As the funding and innovation in the blockchain industry only continue to grow, blockchain and cryptocurrencies will begin to conquer lands beyond retail purposes which means that we could see Bitcoin being used at an institutional level.
While the majority of these blockchain companies may not survive the next decade, the blockchain industry will become an integral component of the technology and operational infrastructures used by financial institutions.
During the early days of automation, the finance sector was among the first industries to capitalize on its potential applications and benefits. From automatic trading platforms that can autonomously trade stocks, ETFs, and currencies, to machine learning software that could predict — to an extent — whether or not a stock would rise or fall, the financial industry has been reaping the benefits of technological automation ever since its inception.
Recent studies show that automated banking could replace as much as 30% of bank jobs worldwide over the next decade. Further advances in the field of automation will make the use of financial services faster and easier for consumers.
Breakthroughs in the big data and analytics field have also helped the automation industry improve its already impressive system. For instance, automated financial advisors could collect data, compile it, and use it to determine the best course of action for a client — all in a matter of seconds, no less!
Around twenty years ago, a large number of financial institutions created e-business units to capitalize on a trend of e-commerce interest, and, as time passed, this became the new norm for businesses.
Large investments in technology and internet development brought businesses to a level of efficiency never before seen. Today’s digital landscape covers a wide range of areas from operational efficiency to customer experience, to big data and analytics.

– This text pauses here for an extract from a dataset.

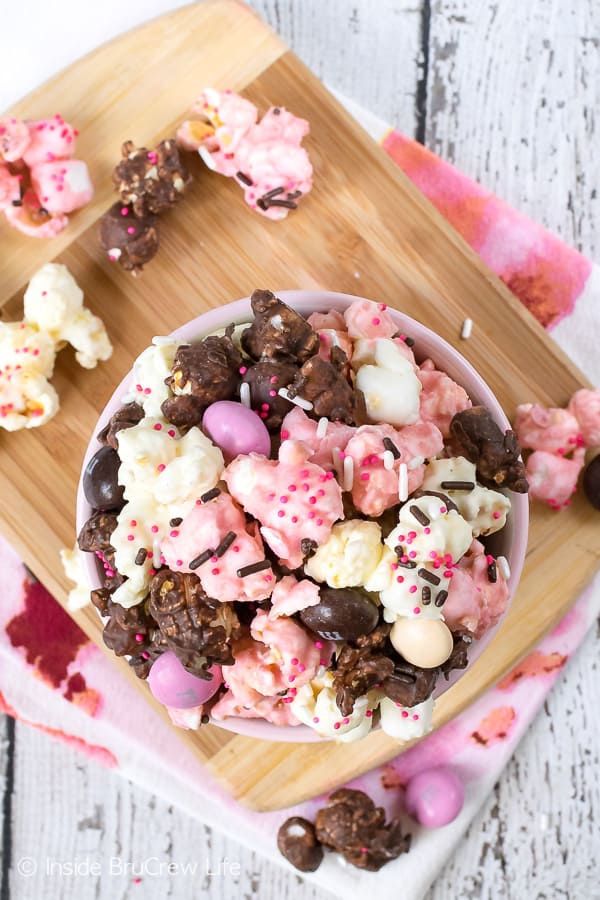 Neapolitan Popcorn - this easy popcorn is coated in chocolate, strawberry, and vanilla chocolate and has a bag of candy mixed in. Easy recipe to make and snack on during movie night. #popcorn #chocolate #strawberry #nobake #snackmix #neapolitan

One of the biggest industries that has gone digital is the commercial banking field which has utilized advances in technology to improve their infrastructure for taking payments, selling insurance, growing client accounts, and giving out loans.
Big data is a crucial part of any strategy aimed at increasing revenue and profit margins. It’s important to have an in-depth understanding of what your consumers hold dear to their hearts. In the olden times, customer feedback was limited to surveys and focus groups, and the data gathered was often unreliable.
Technological advances have given companies the opportunity to gather individualized and accurate data about the behavior of their customers. Knowing what the end-user of a product or service does, wants, and needs is paramount to offering the most value while still maximizing profit.
Self-learning machines are no longer limited to the world of science fiction. While it’s not exactly Skynet-caliber, artificial intelligence software that possess the ability to learn on their own are already helping financial institutions pinpoint the source of issues, mitigate risks, and lower operating costs by increasing the efficiency of internal and external systems.
Machine learning developers often focus on implementing basic human qualities such as self-education, pattern recognition, reasoning through logic, and even the ability to understand emotional and social queues.
There are already existing robots that can recognize specific objects, analyze the environment around them, and converse with homo sapiens in a human tone. If you’re skeptical, just have a look at the performance of self-driving cars in live, on-the-street tests.
As time goes on, robots will be able to perform increasingly complex tasks. While there are still some technological hurdles that face the development of sentient robots, the next few decades will slingshot the robotics industry to new heights.
Should you start preparing for the point in time where robots become too smart to follow orders and declare war on the human race? While that scenario is quite unlikely, being prepared certainly couldn’t hurt.